Thread: Found issues related with logical replication and 2PC

Found issues related with logical replication and 2PC

From
"Hayato Kuroda (Fujitsu)"
Date:
Hi hackers,

While creating a patch which allows ALTER SUBSCRIPTION SET (two_phase) [1],
we found some issues related with logical replication and two_phase. I think this
can happen not only HEAD but PG14+, but for now I shared patches for HEAD.

Issue #1

When handling a PREPARE message, the subscriber mistook the wrong lsn position
(the end position of the last commit) as the end position of the current prepare.
This can be fixed by adding a new global variable to record the end position of
the last prepare. 0001 patch fixes the issue.

Issue #2

When the subscriber enables two-phase commit but doesn't set max_prepared_transaction >0
and a transaction is prepared on the publisher, the apply worker reports an ERROR
on the subscriber. After that, the prepared transaction is not replayed, which
means it's lost forever. Attached script can emulate the situation.

--
ERROR:  prepared transactions are disabled
HINT:  Set "max_prepared_transactions" to a nonzero value.
--

The reason is that we advanced the origin progress when aborting the
transaction as well (RecordTransactionAbort->replorigin_session_advance). So,
after setting replorigin_session_origin_lsn, if any ERROR happens when preparing
the transaction, the transaction aborts which incorrectly advances the origin lsn.

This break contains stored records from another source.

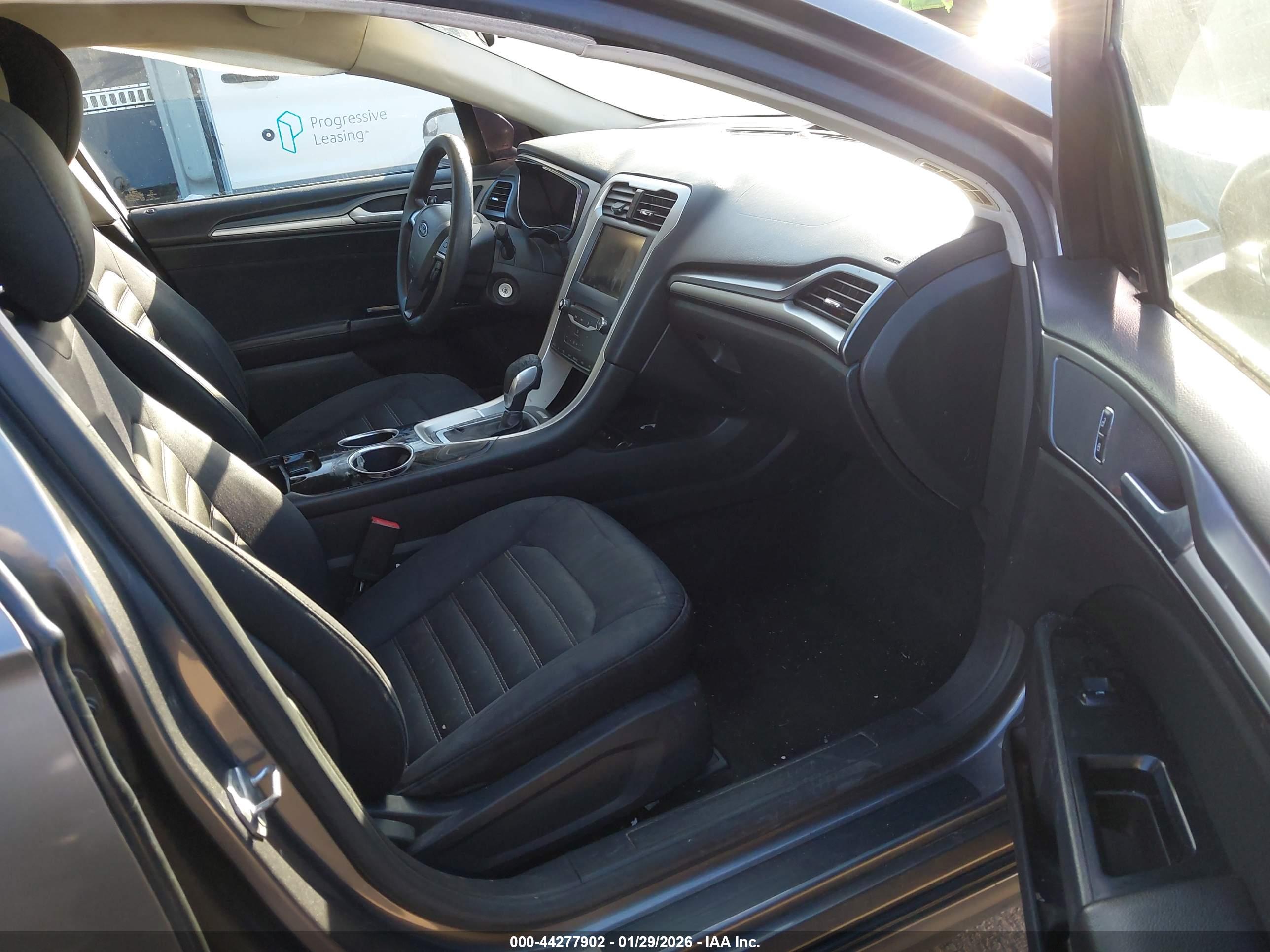 FORD FUSION image 5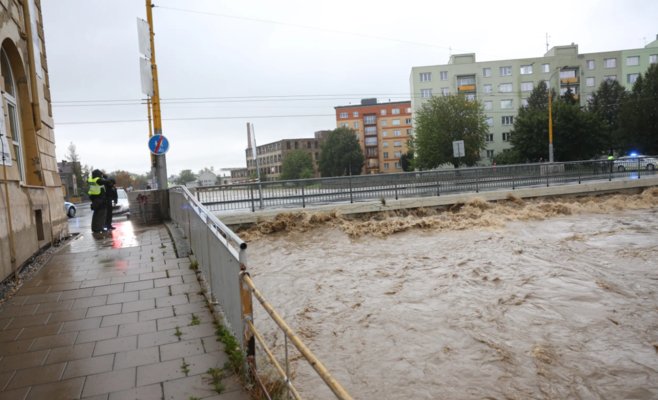 Жилой массив в Опаве под водой: между панельными домами течет река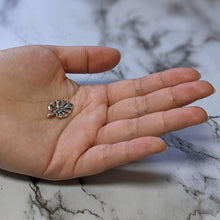 Load image into Gallery viewer, Monstera Plant Pendant
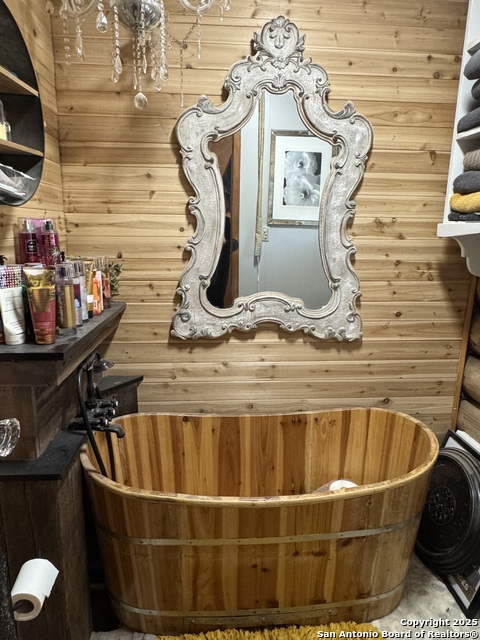 Image 31 of 55 For 620 Lake Forest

An easiest fix is to reset session replication origin before calling the
RecordTransactionAbort(). I think this can happen when 1) LogicalRepApplyLoop()
raises an ERROR or 2) apply worker exits. 0002 patch fixes the issue.


How do you think?

[1]: https://www.postgresql.org/message-id/flat/8fab8-65d74c80-1-2f28e880@39088166

Best regards,
Hayato Kuroda
FUJITSU LIMITED


Attachment

Re: Found issues related with logical replication and 2PC

From
shveta malik
Date:
On Wed, Jul 24, 2024 at 12:25 PM Hayato Kuroda (Fujitsu)
<kuroda.hayato@fujitsu.com> wrote:
>
> Hi hackers,
>
> While creating a patch which allows ALTER SUBSCRIPTION SET (two_phase) [1],
> we found some issues related with logical replication and two_phase. I think this
> can happen not only HEAD but PG14+, but for now I shared patches for HEAD.
>
> Issue #1
>
> When handling a PREPARE message, the subscriber mistook the wrong lsn position
> (the end position of the last commit) as the end position of the current prepare.
> This can be fixed by adding a new global variable to record the end position of
> the last prepare. 0001 patch fixes the issue.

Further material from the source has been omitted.